Search code examples
amazon-web-servicespysparkapache-spark-sqlaws-glue

pyspark.sql.utils.AnalysisException: Reference 'title' is ambiguous, could be: title, title


I am using glue version 3.0, python version 3, spark version 3.1. I am extracting data from xml creating dataframe and writing data to s3 path in csv format. Before writing dataframe I printed the schema and 1 record of dataframe using show(1). till this point everything was fine. but while writing it to csv file in s3 location got error duplicate column found as my dataframe had 2 columns namely "Title" and "title". tried to add a new column title2 which will have content of title and thought of dropping title later with below command

from pyspark.sql import functions as f df=df.withcoulumn('title2',f.expr("title")) but was getting error Reference 'title' is ambiguous, could be: title, title Tried df=df.withcoulumn('title2',f.col("title")) got same error. any help or approach to resolve this please..


Solution

  • By default spark is case in-sensitive, we can make spark sensitive by setting the spark.sql.caseSensitive to True.
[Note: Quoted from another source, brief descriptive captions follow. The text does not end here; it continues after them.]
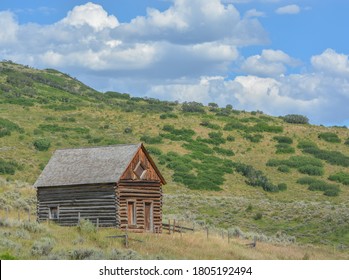 Old Log Cabin, Abandoned In The Country Hillside Of Rocky Mountains In Colorado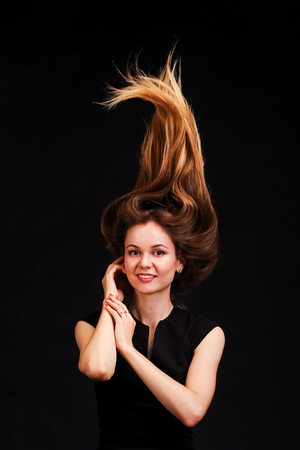 Close up Portrait of Young beautiful women with hair up trendy glamorous hairstyle. On black background.の写真素材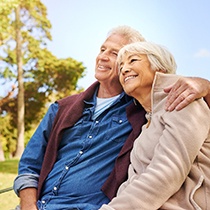 happy elderly couple sitting on a park bench 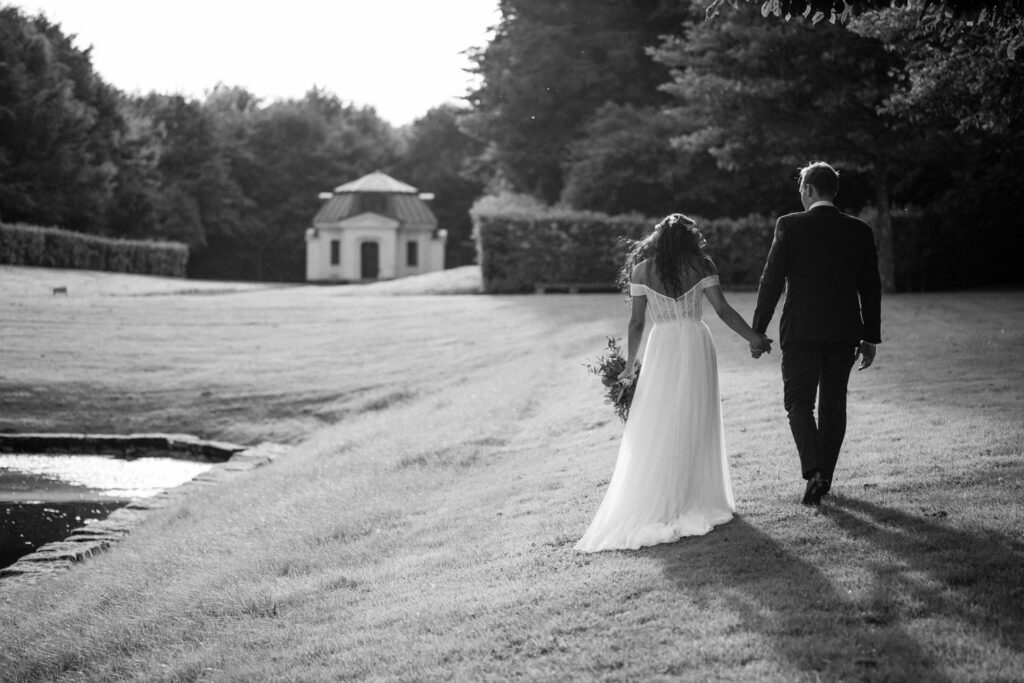 Black and white photo of a couple walking across a lawn toward a garden pavilion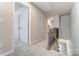 Upstairs hallway with doors, gray carpet, and a staircase at 4102 Cheyney Park Dr, Charlotte, NC 28269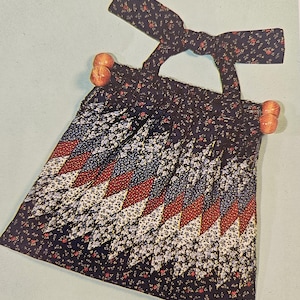 May include: A black and white floral fabric purse with a red and blue geometric pattern. The purse has a fabric handle with wooden beads on the ends. The text "NEED TO PURCHASE: FABRIC - for purse and strap" is visible at the bottom of the image.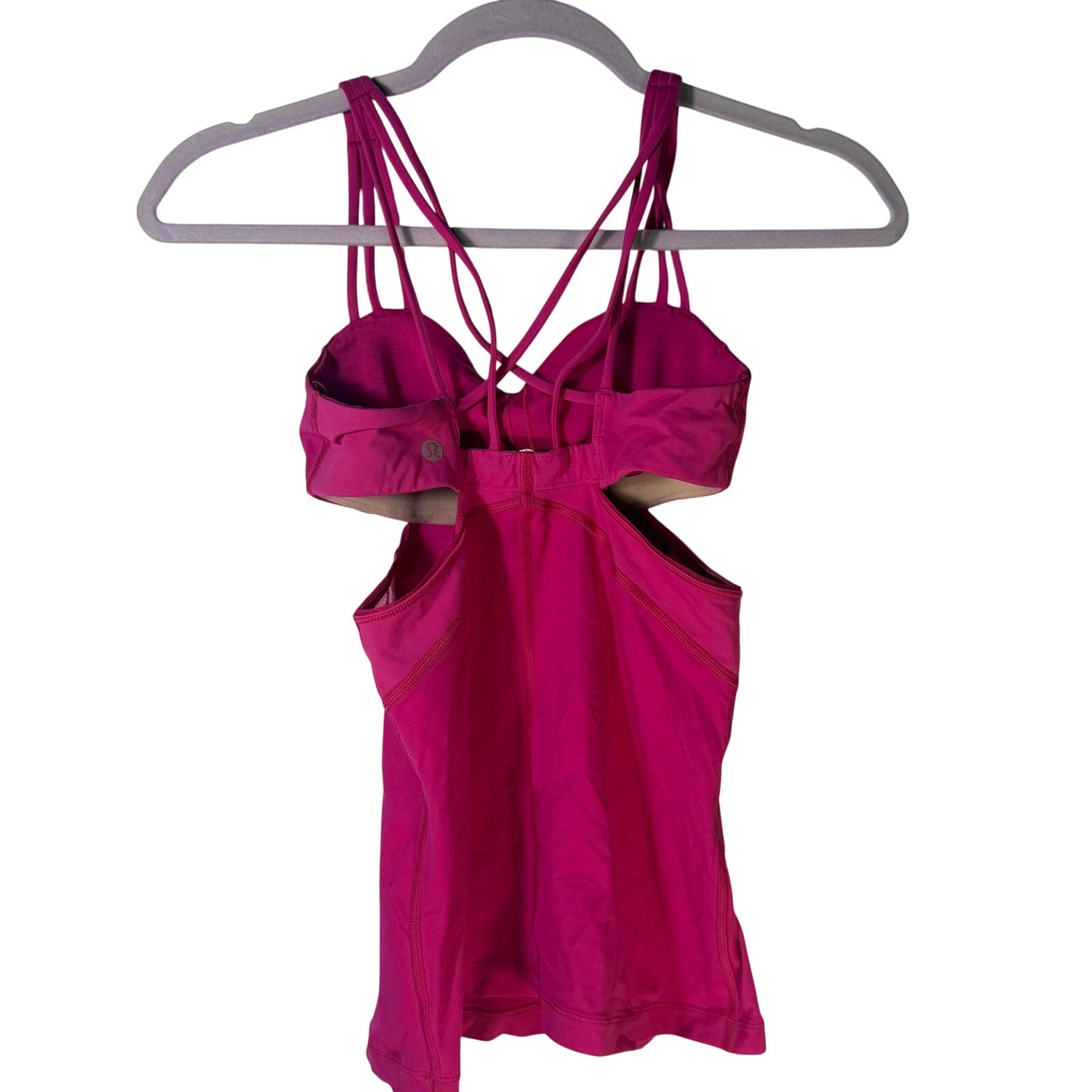 Lululemon women’s magenta strappy cutout athletic tank top, size 2, pre-owned, with crisscross straps and sleeveless design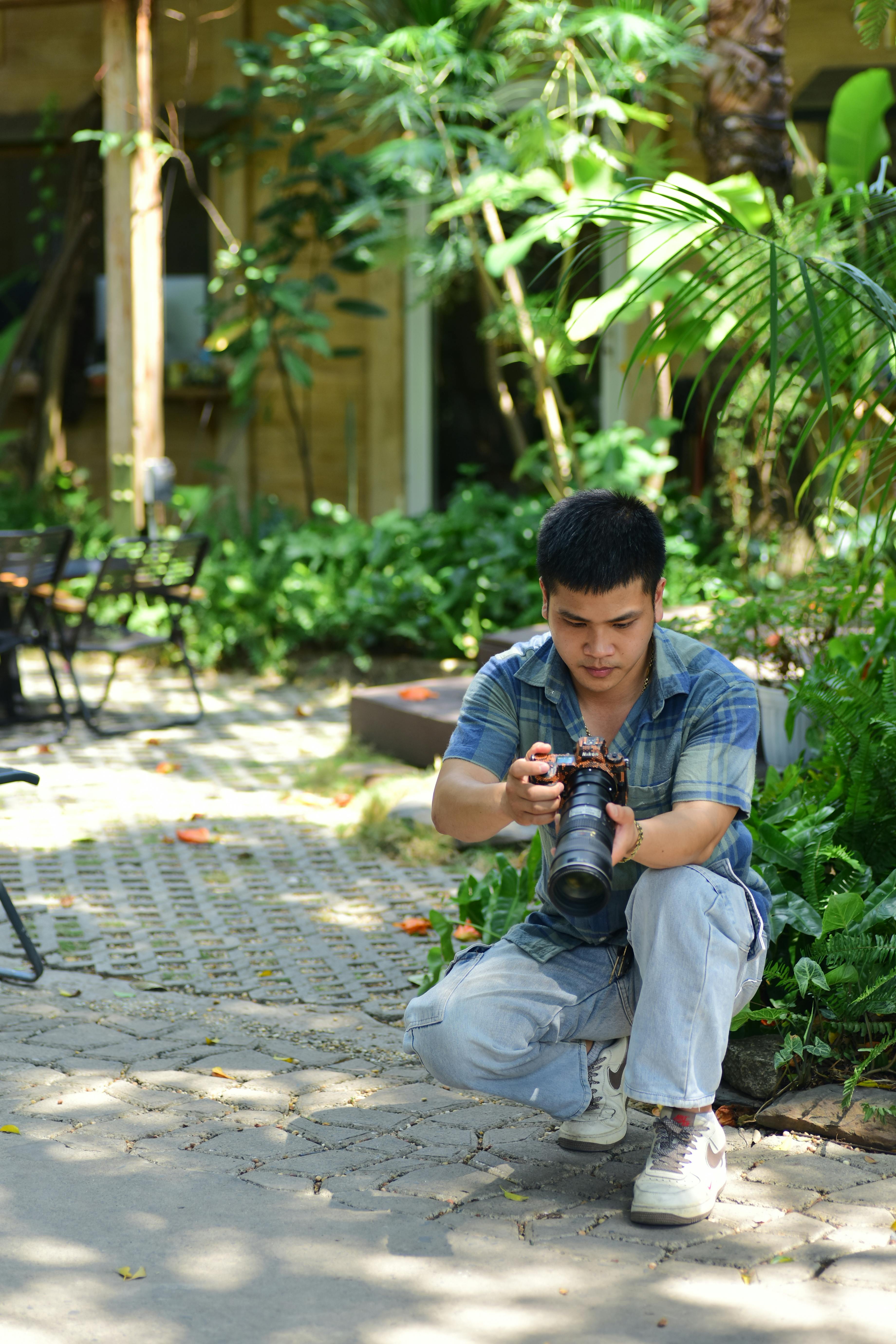 Young adult photographer crouching outdoors with camera in a lush garden setting, capturing nature.
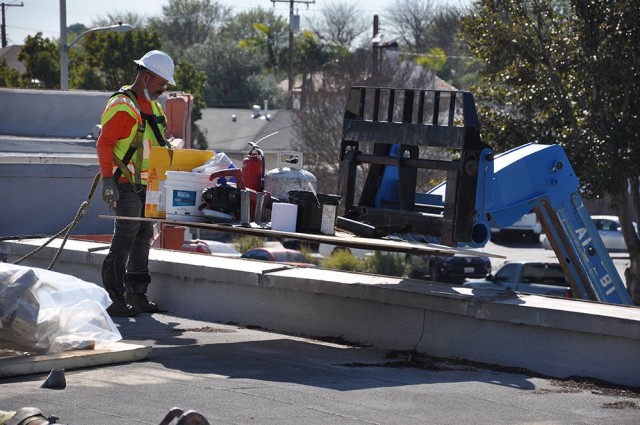 Workers for the U.S. Army Corps of Engineers project at Beverly Hospital, Montebello, California,  bring constructions materials to the roof, Feb. 23, 2021.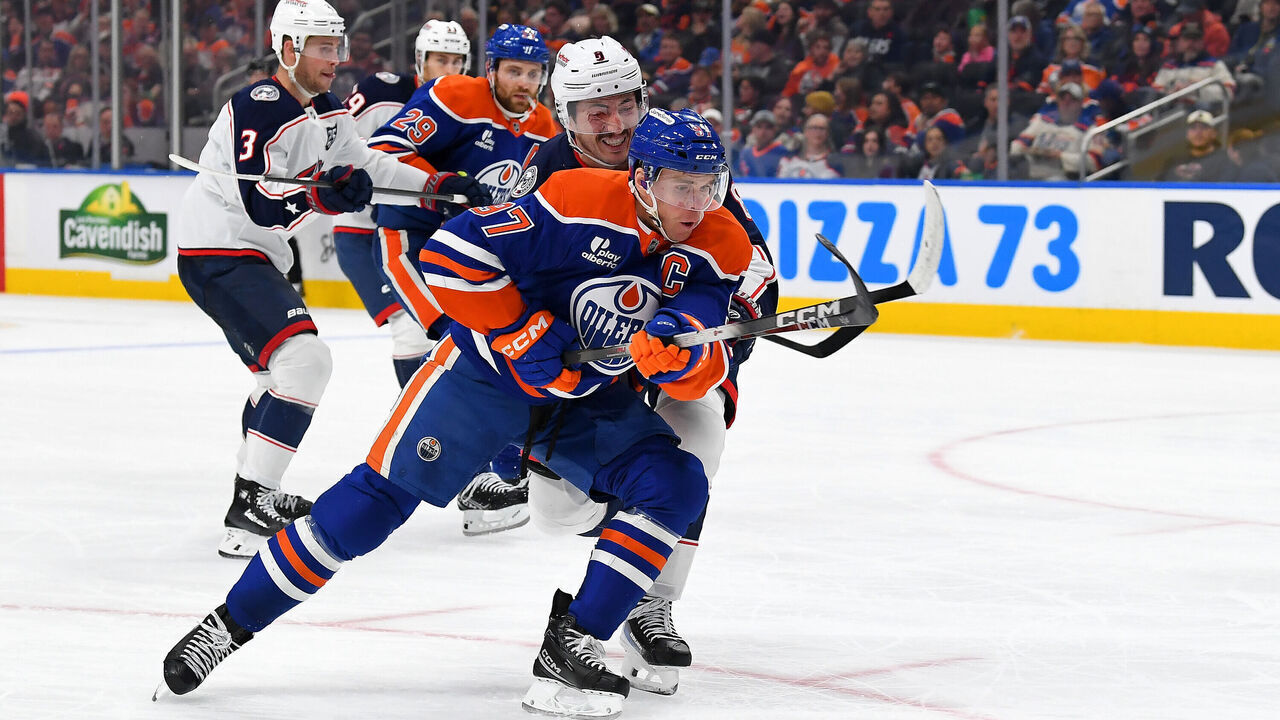EDMONTON, CANADA - NOVEMBER 10: Connor McDavid #97 of the Edmonton Oilers battles for the puck against Zach Werenski #8 of the Columbus Blue Jackets during the second period of the game at Rogers Place on November 10, 2025, in Edmonton, Alberta, Canada.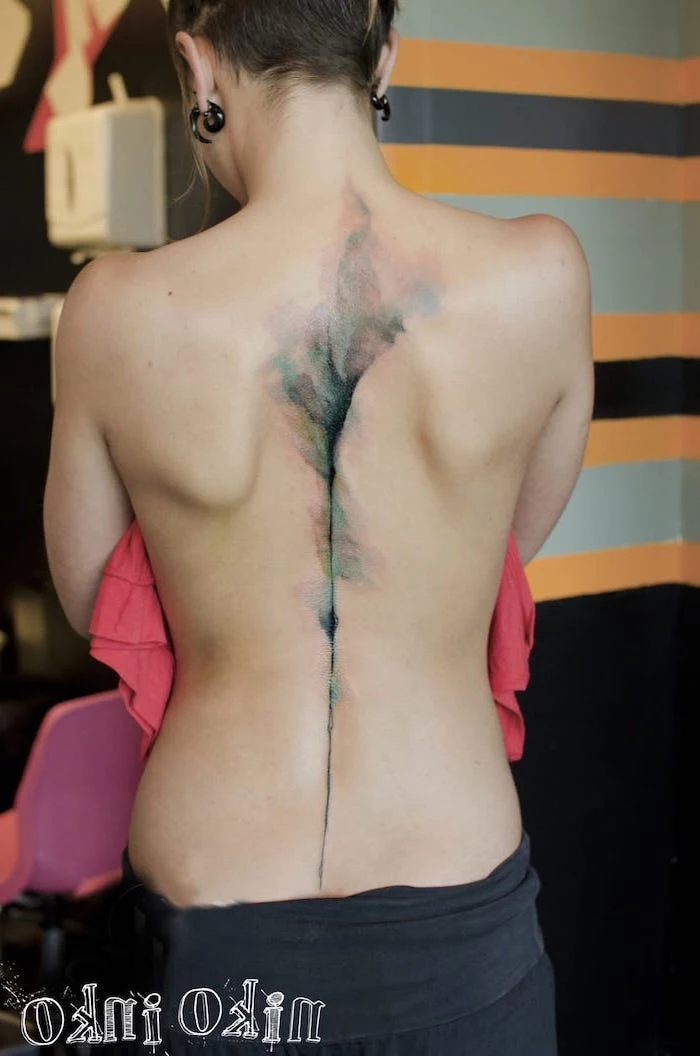 watercolour tattoo, along the spine, watercolor tree tattoo, brown hair, black pants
    from pyspark.sql import functions as f
    
    df = spark.createDataFrame([("CaptializedTitleColumn", "title_column", ), ], ("Title", "title", ))
    
    spark.conf.set('spark.sql.caseSensitive', True)
    
    df.withColumn('title2',f.expr("title")) .show()
    

    Output

    +--------------------+------------+------------+
    |               Title|       title|      title2|
    +--------------------+------------+------------+
    |CaptializedTitleC...|title_column|title_column|
    +--------------------+------------+------------+